An innovative community-led programme is paying people to plant and maintain trees
Spotted: The population of Freetown, Sierra Leone, is set to reach 2 million by 2028. As the population rises, urban sprawl is threatening the forested, mountainous areas outside the city. Around 70 per cent of Freetown’s trees have been cut down, and the city is already experiencing negative effects – such as devastating floods and landslides – from the loss of these critical ecosystems.
To reverse this trend, the city council has introduced a scheme, called Freetown the Treetown, which encourages residents to plant and maintain new trees and mangroves, using seedlings supplied through local nurseries. Progress is tracked using a mobile app, and, as an incentive, the initiative pays city residents for each tree they plant, maintain, and monitor.

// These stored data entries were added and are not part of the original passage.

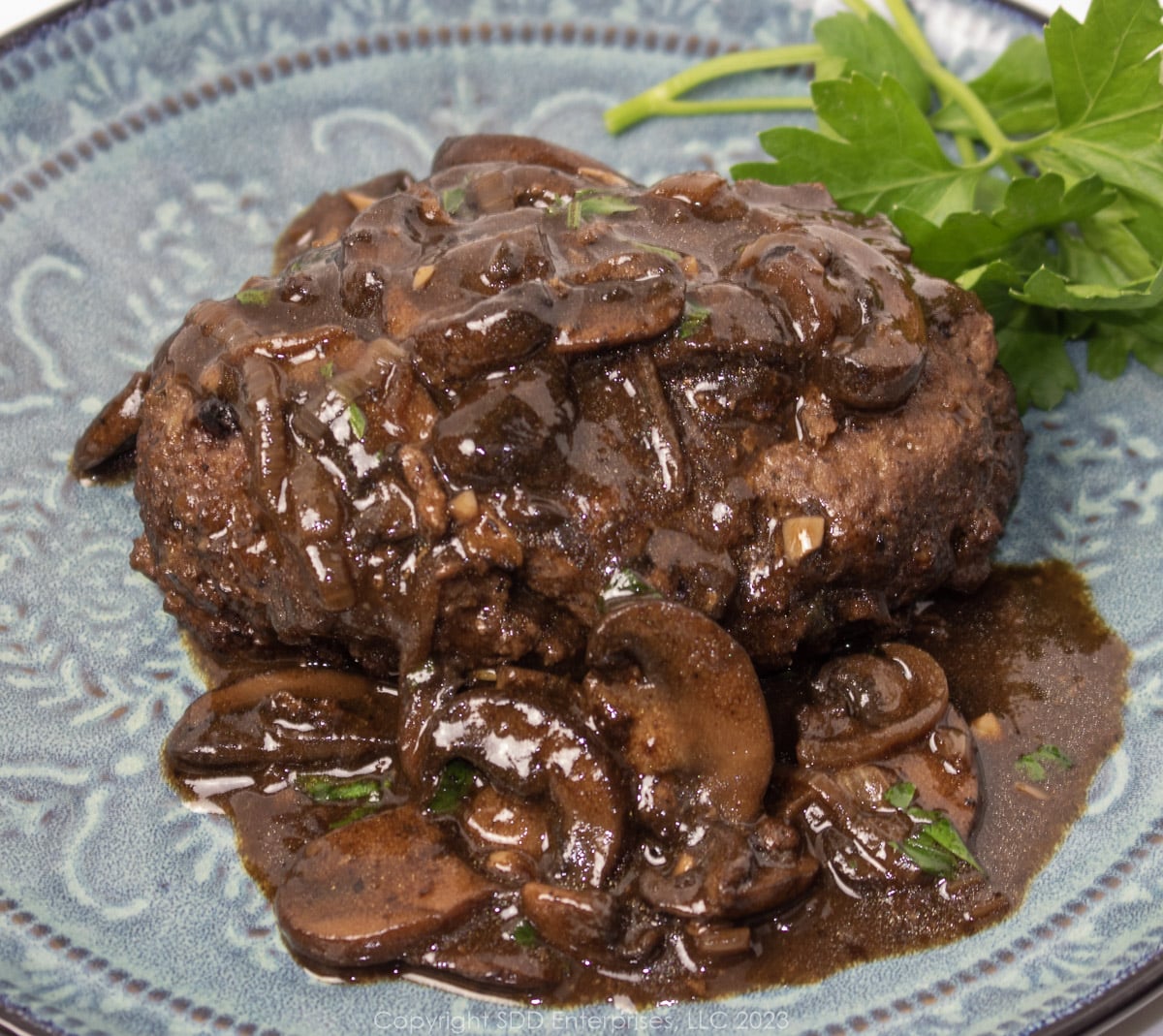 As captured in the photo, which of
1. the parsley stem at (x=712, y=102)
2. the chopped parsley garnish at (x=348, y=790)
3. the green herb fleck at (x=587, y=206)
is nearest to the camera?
the chopped parsley garnish at (x=348, y=790)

The mobile platform creates a unique geotagged record for each planted tree. Growers must then revisit the tree regularly to water and maintain it, and to verify and document its survival. In exchange, they receive per-tree micro-payments through the platform every two months over the first three to five years of the tree’s life (which is when trees need most maintenance).
To finance the programme, each tree is ‘tokenised’ and the tokens are sold to corporations and institutions to help them meet their climate and corporate social responsibility (CSR) targets. The money raised then goes to maintaining the programme. Freetown the Treetown is a 2023 Earthshot Prize finalist in the ‘Protect and Restore Nature’ category.
Tree planting is an important tool for reducing the impact of climate change. Some recent innovations in forestry that could help with this include providing indigenous communities with funding for forest stewardship and improving tree health by restoring fungal networks.